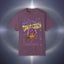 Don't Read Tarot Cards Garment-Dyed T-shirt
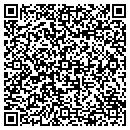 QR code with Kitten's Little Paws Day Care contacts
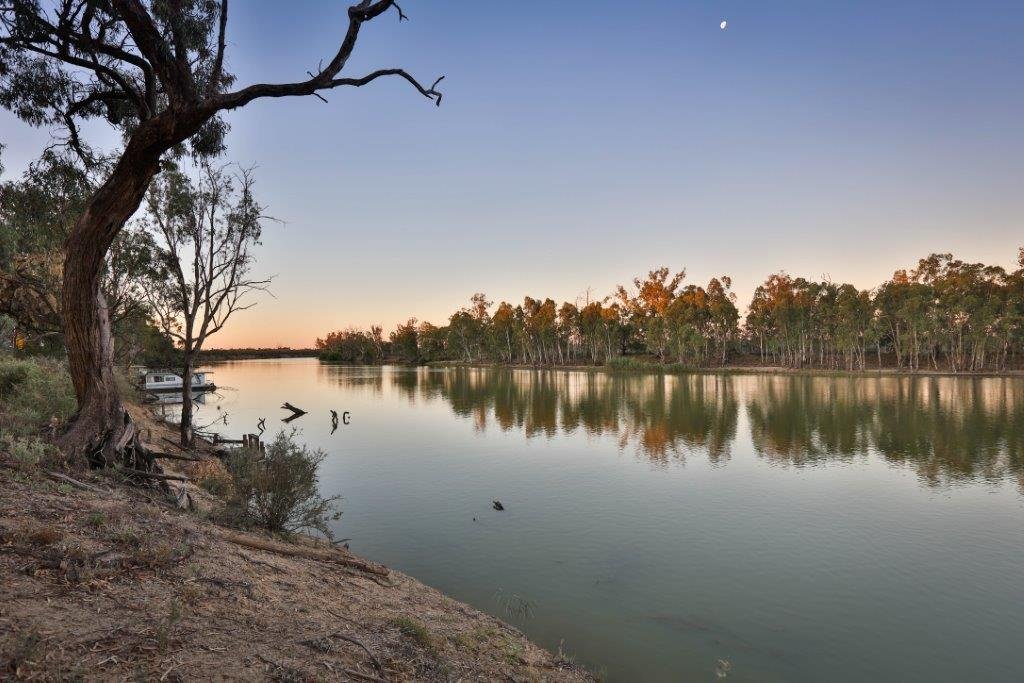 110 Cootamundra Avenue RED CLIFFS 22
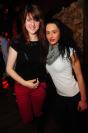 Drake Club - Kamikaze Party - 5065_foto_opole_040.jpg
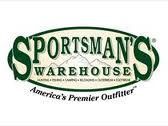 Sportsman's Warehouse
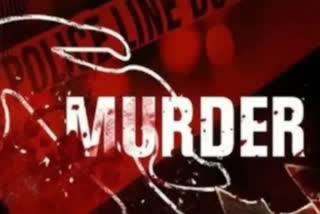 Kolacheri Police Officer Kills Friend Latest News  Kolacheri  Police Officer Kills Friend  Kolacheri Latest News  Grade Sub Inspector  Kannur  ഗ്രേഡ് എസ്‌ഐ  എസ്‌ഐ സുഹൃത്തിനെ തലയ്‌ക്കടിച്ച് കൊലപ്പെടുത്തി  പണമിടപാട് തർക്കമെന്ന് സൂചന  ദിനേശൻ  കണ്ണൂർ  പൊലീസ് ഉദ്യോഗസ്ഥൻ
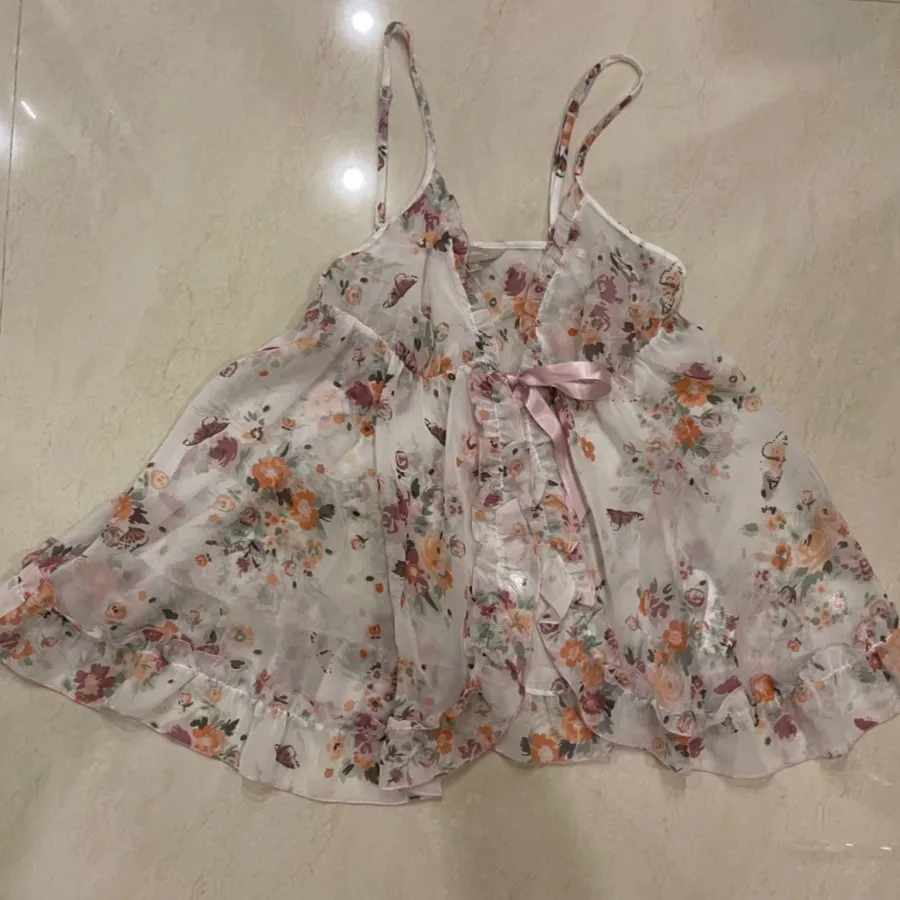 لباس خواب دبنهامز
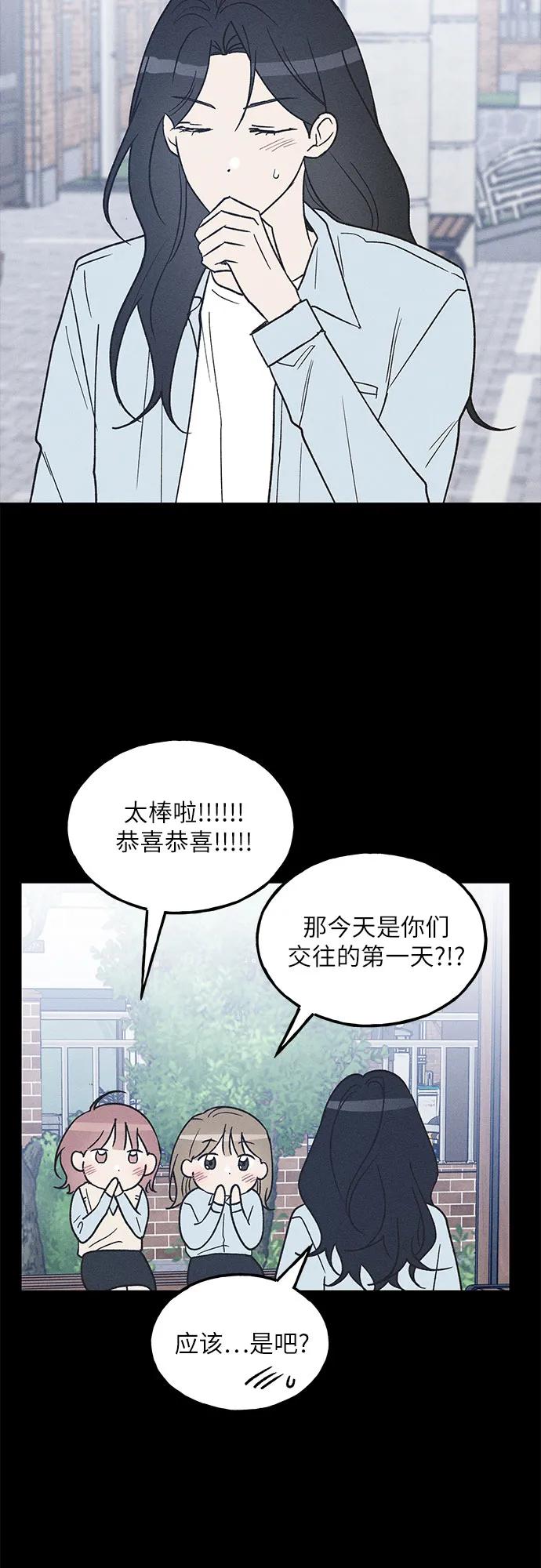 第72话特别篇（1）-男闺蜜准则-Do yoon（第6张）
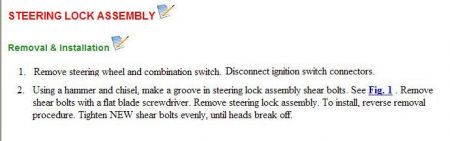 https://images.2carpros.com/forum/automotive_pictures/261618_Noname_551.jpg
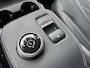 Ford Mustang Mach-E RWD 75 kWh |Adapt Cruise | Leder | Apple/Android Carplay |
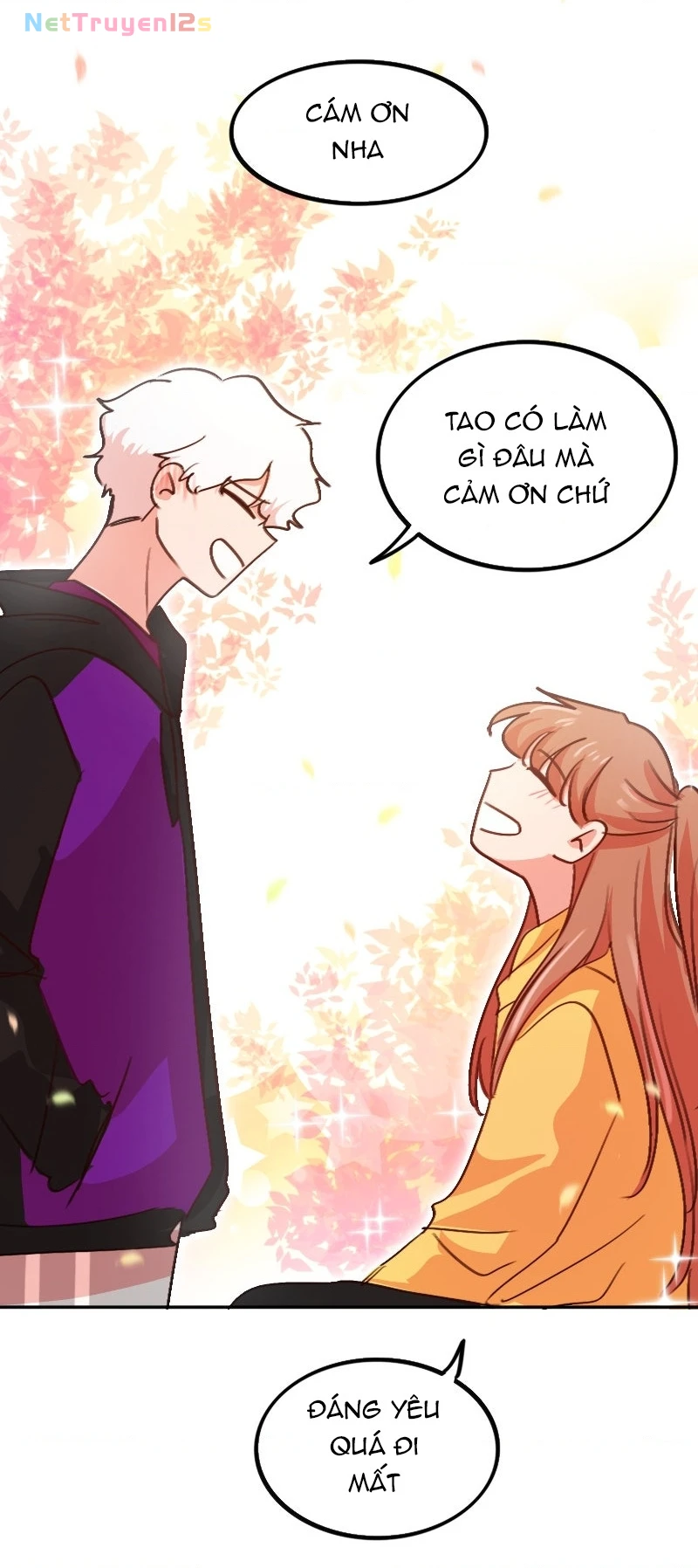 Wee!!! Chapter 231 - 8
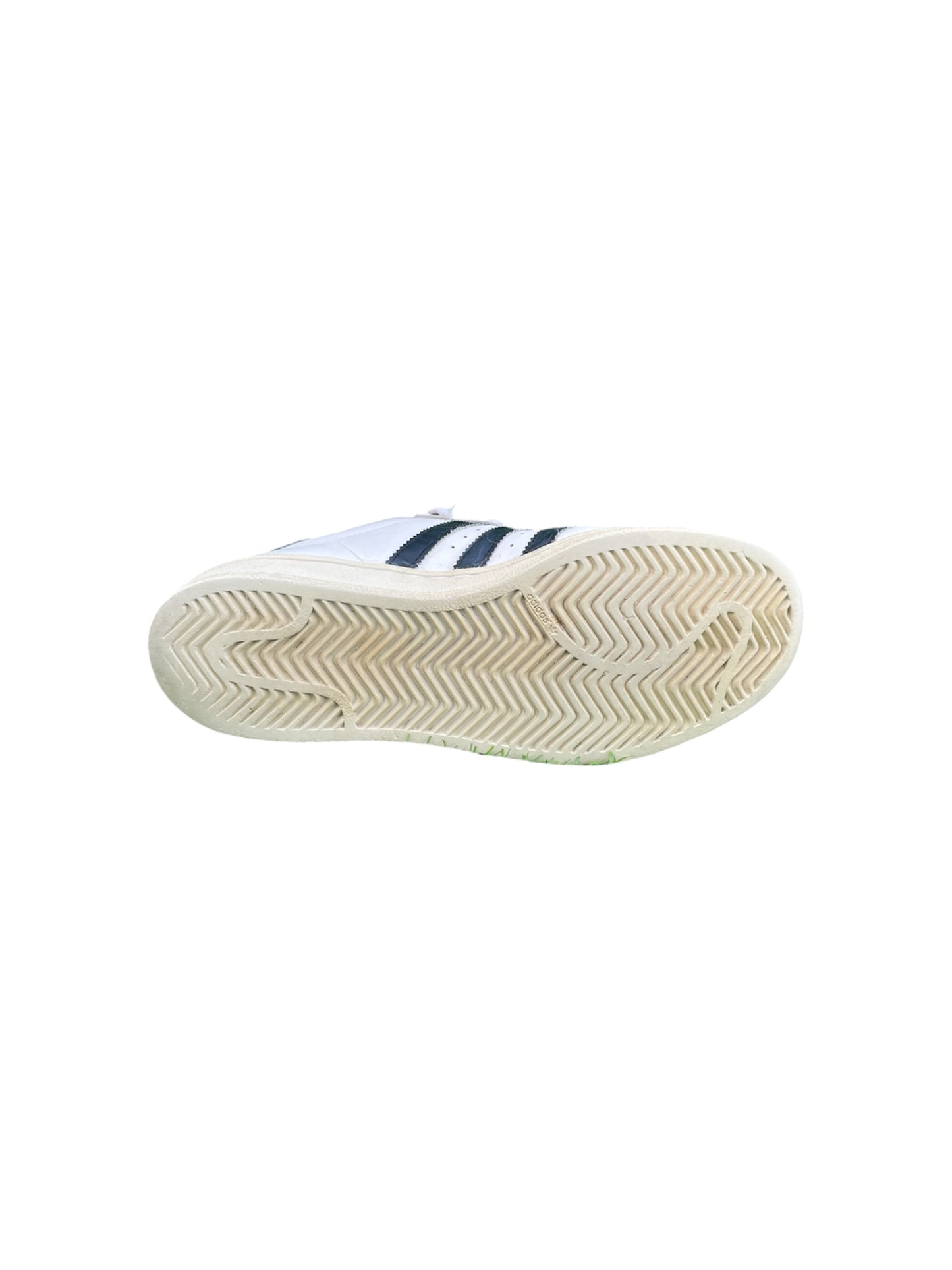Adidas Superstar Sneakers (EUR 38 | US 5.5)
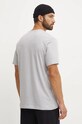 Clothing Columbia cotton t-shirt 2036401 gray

========================================================================

## WORK REQUIRED
Your task is to restate word for word the lines from the line holding "第72话特别篇（1）-男闺蜜准则-Do yoon（第6张）" through the final line of the listing, both included, but none of the pictures.

## ANSWER BELOW
 第72话特别篇（1）-男闺蜜准则-Do yoon（第6张）
 https://images.2carpros.com/forum/automotive_pictures/261618_Noname_551.jpg
 Ford Mustang Mach-E RWD 75 kWh |Adapt Cruise | Leder | Apple/Android Carplay |
 Wee!!! Chapter 231 - 8
Adidas Superstar Sneakers (EUR 38 | US 5.5)
 Clothing Columbia cotton t-shirt 2036401 gray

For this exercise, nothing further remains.